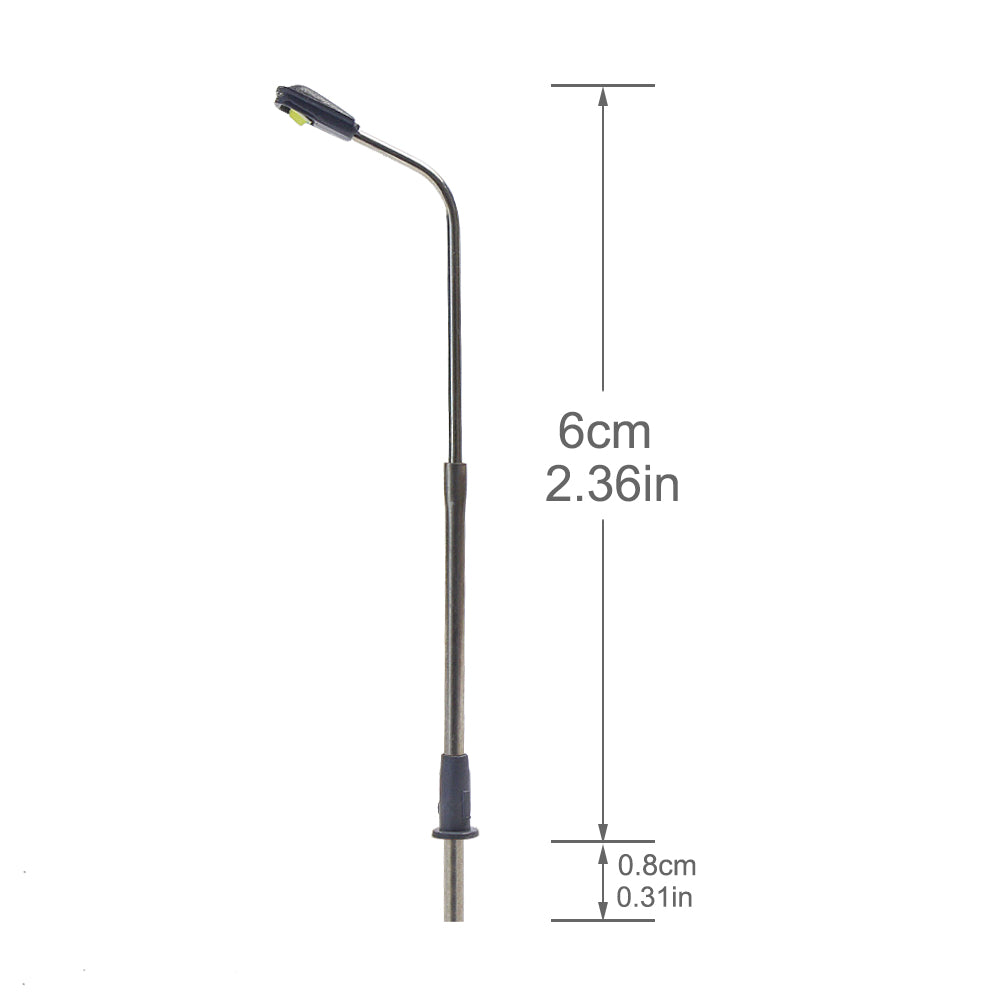 LQS06 10pcs N Scale 1:160 Lamp Post Street Lights LED
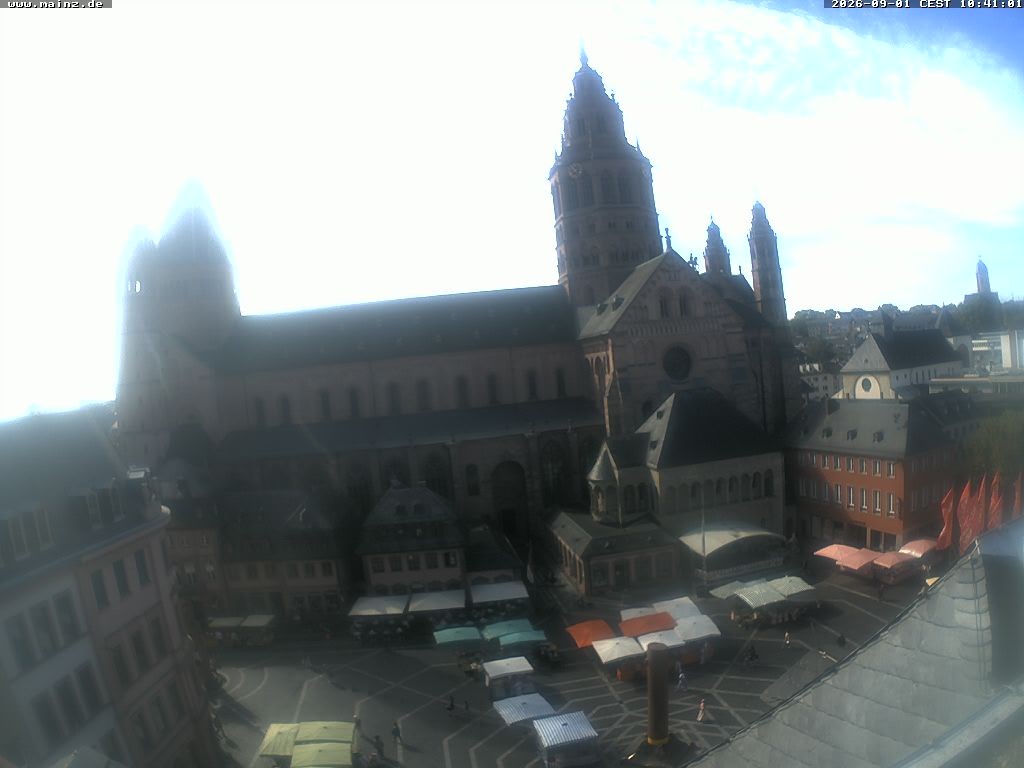 Archiv Foto Webcam Mainz - Marktplatz und Dom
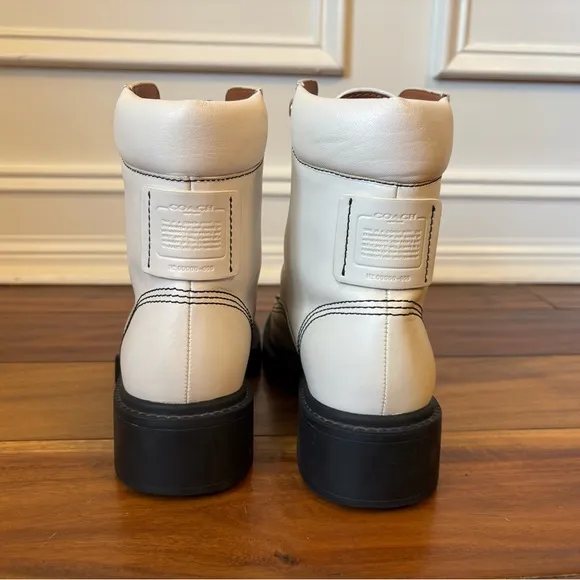 Coach Cream Lorimer Combat Boots Size 8.5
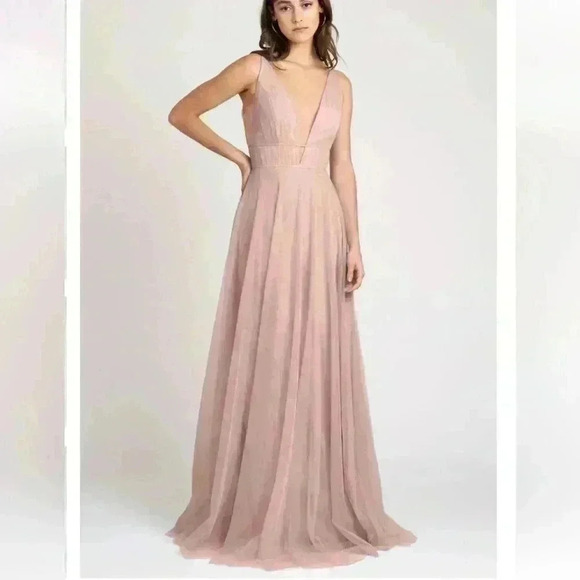 Jenny Yoo Kaelyn Long Bridesmaid Dress in whipped Apricot size 12 NWT - Picture 1 of 10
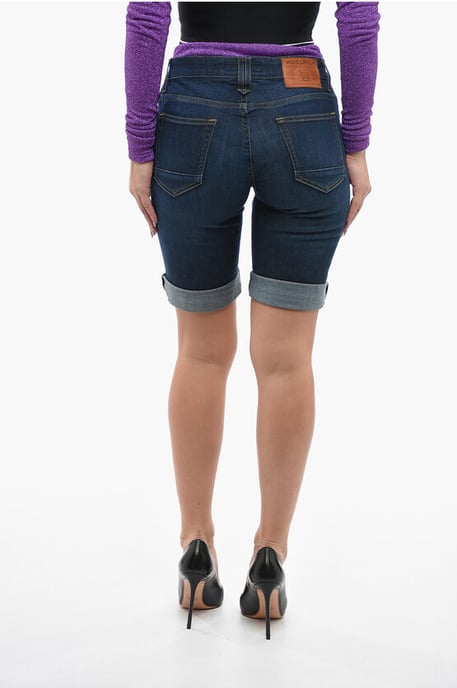 5-pocket stretch denim shorts in blauw - Image 2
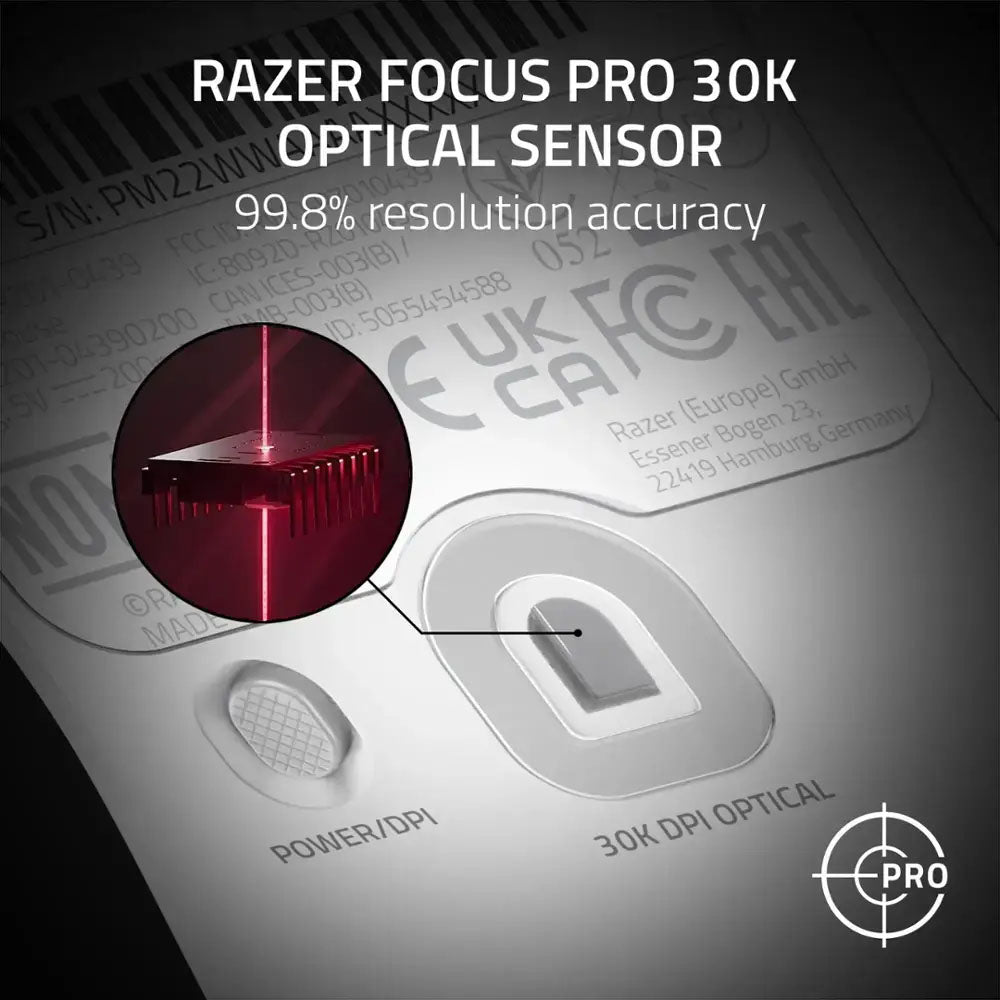 Razer Viper V2 Pro Wireless Gaming Mouse, 58g Ultra Lightweight, 30K DPI Optical Sensor, 90 Hours Battery Life - White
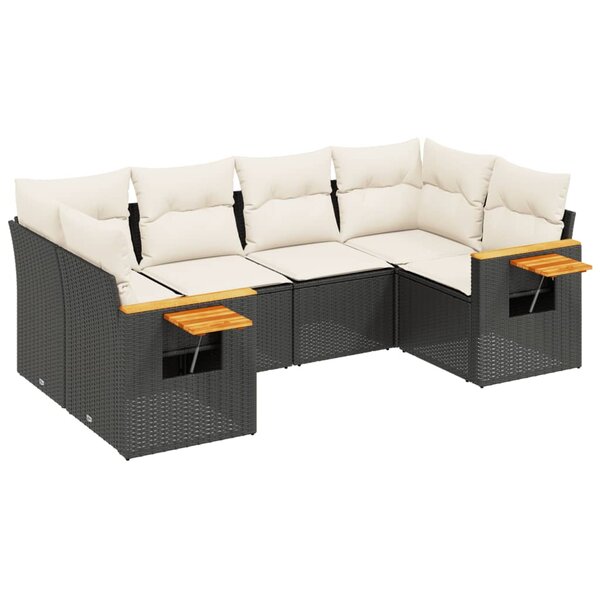 vidaXL Salon de jardin 6 Pièces avec coussins noir résine tressée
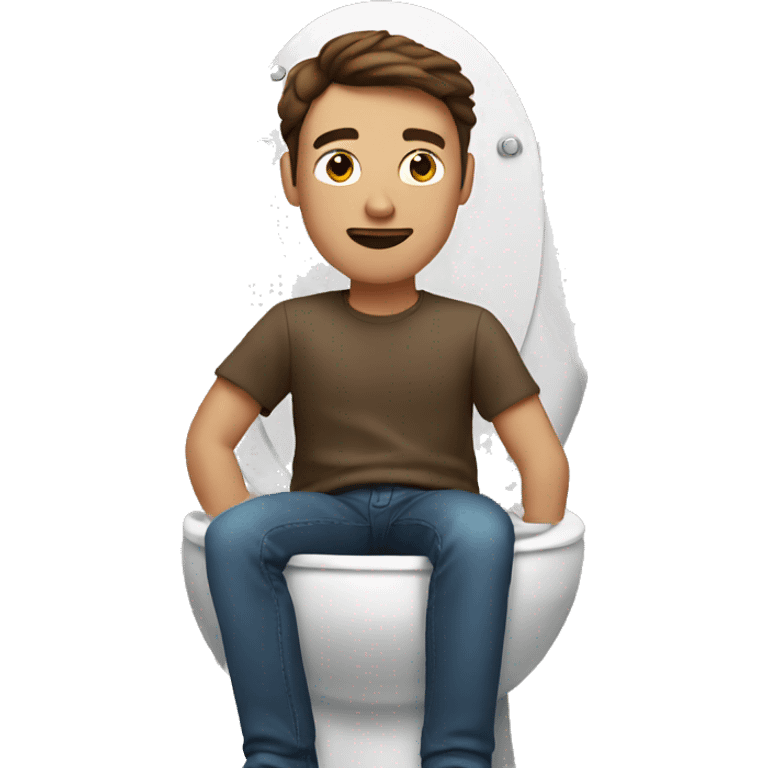 Brown haired man in a toilet emoji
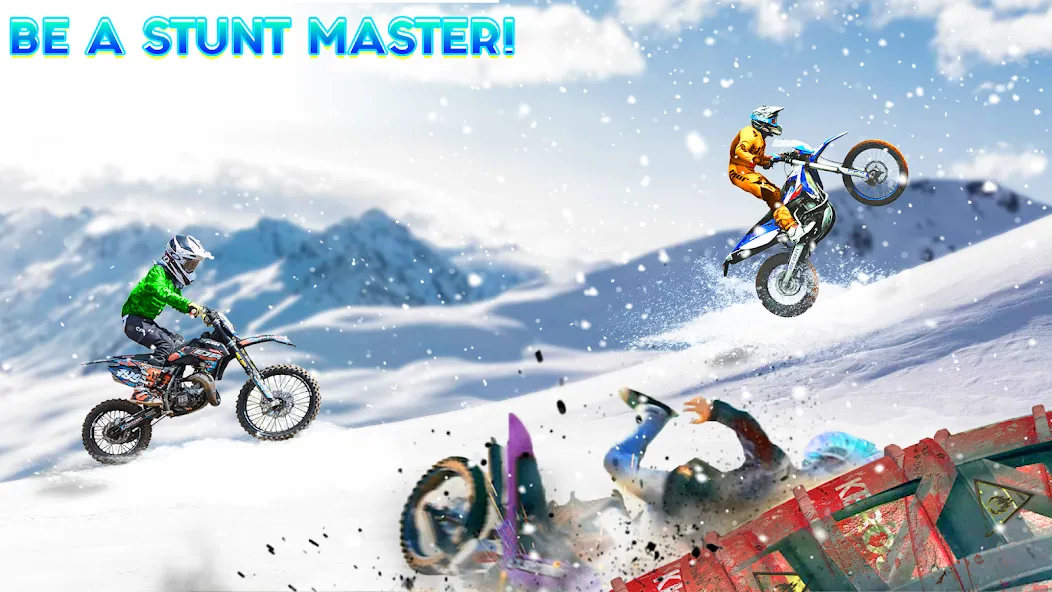 Snow Tricky Bike Stunt Race 3D [МОД: Все открыто, Дополнительные деньги и Меню MOD] Screenshot 3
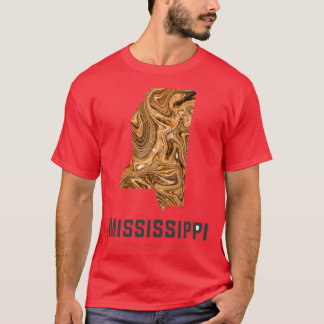 ブラウンのアブストラクトミシシッピマップアート Tシャツ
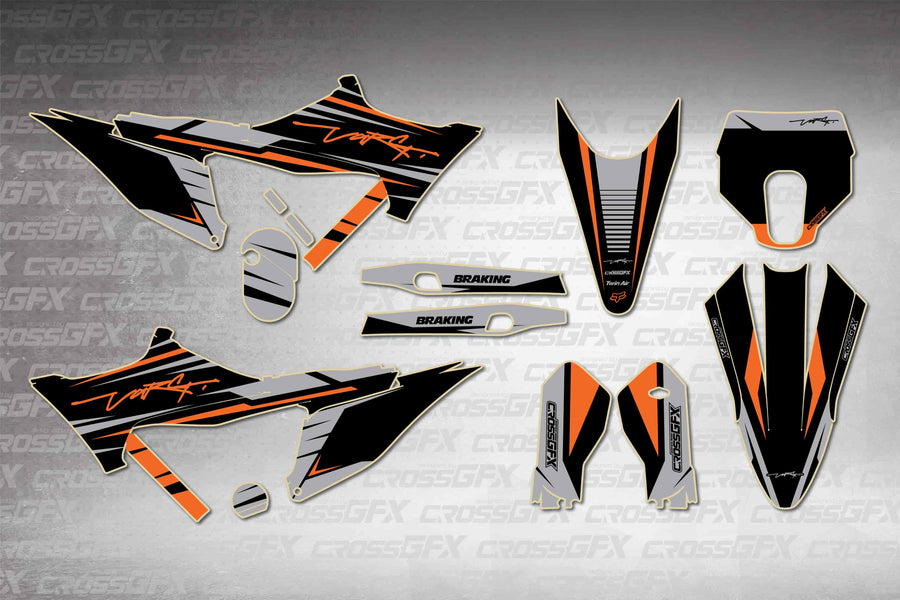 Stark Varg SM Apex Black graphics kit - flat layout showing all decal pieces included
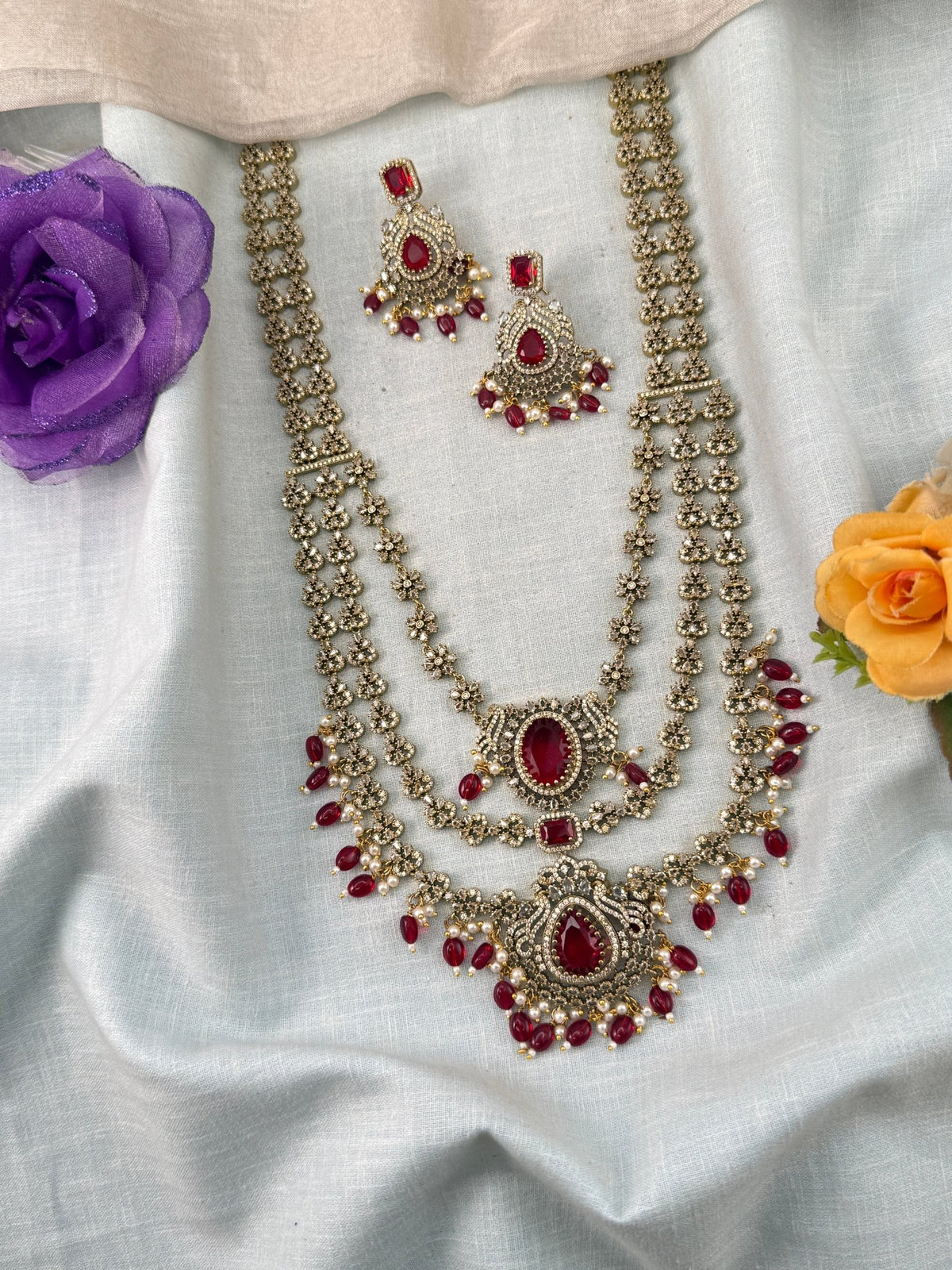 Victorian Stone Long Layer Necklace Set | 003 - Mahilas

....

* TASK DESCRIPTION: What you need to copy is the run of lines from the one holding "Stark Varg SM" through the end of the data, exactly and only, both ends included, pictures omitted.

* RESULT BELOW:
 Stark Varg SM Apex Black graphics kit - flat layout showing all decal pieces included
 Victorian Stone Long Layer Necklace Set | 003 - Mahilas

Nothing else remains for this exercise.